The LSU Top 5 #8
This is the eighth of our weekly links to the top 5 interesting bits and pieces we’ve found from around the internet.
(Linking doesn’t mean we necessarily agree with these articles!)
Mary Beard laments the importance placed on customer satisfaction within universities, wondering if it inhibits hard, ‘destabilising’ study. She says:…the truth is, when you meet a group of ex-students years after they’ve left, you can pretty well guarantee that one of their commonest refrains will be, “Do you know what, I think in an odd way I learned most from that course I used to hate.”

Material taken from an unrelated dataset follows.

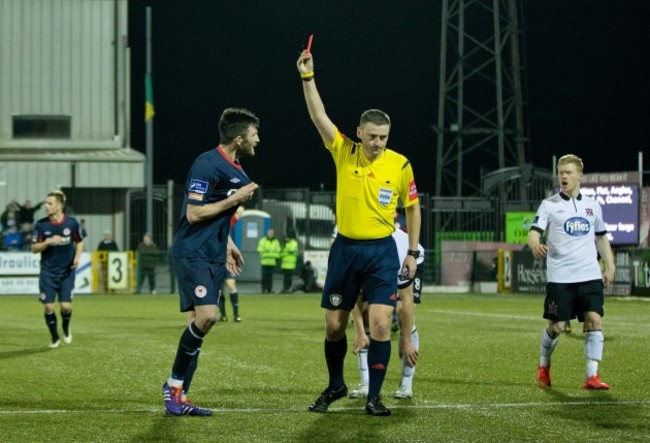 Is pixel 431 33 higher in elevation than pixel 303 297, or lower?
higher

The British Education Secretary Michael Gove wants to see a renewed emphasis put on rote learning at schools, on the basis that tough exams which require the reproduction of large amounts of memorised information are the best way to motivate students.
‘You’re hired’… no, wait… ‘You’ve got a scholarship’? – Times Higher Education
A scholarship hunt via TV show? Academically challenging and entertaining? Scotland’s Robert Gordon, in conjunction with the British Council, put 12 hopeful students from Ghana through a series of business challenges a la The Apprentice. The second season finishes in mid-December.

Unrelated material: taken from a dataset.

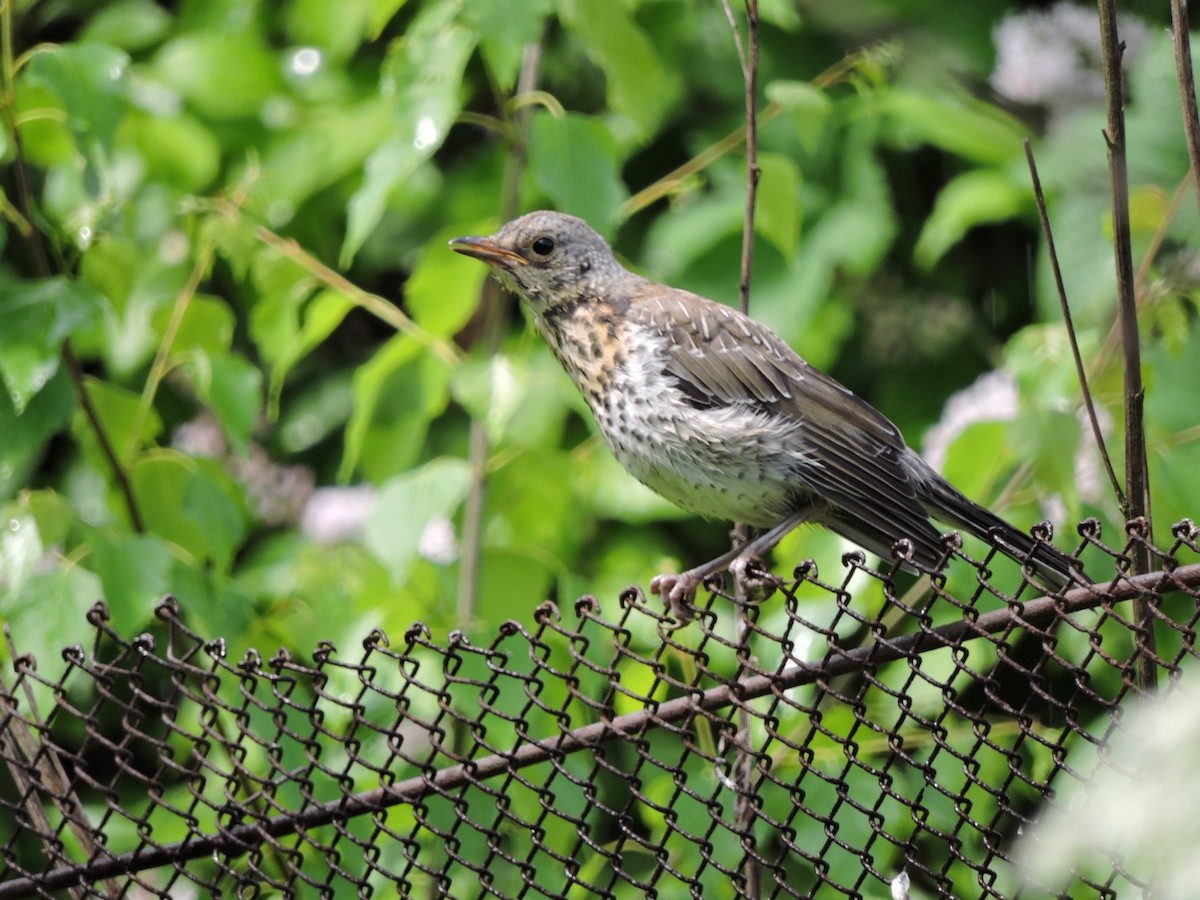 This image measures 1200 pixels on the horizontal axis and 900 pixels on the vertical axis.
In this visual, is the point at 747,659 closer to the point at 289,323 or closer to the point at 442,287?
the point at 442,287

‘What if we made fewer PhDs?’ – The Chronicle of Higher Education
Are there too many PhDs expecting full employment upon graduation who are then disappointed when the job offers don’t roll in? What would the ideal ratio of PhD graduates to non-academic positions be? This article discusses the importance of the expectations of graduate students and gives advice as to how to manage these as well as the reality of traditional PhD admissions and how it could be improved.
It’s been regularly asked whether the internet is rewiring our brains. However, our intelligence and thinking is shaped by a much wider environment that this. We have always taken whatever shortcuts our environment offers, and therefore Googling facts rather than memorising them isn’t a fundamentally new thing.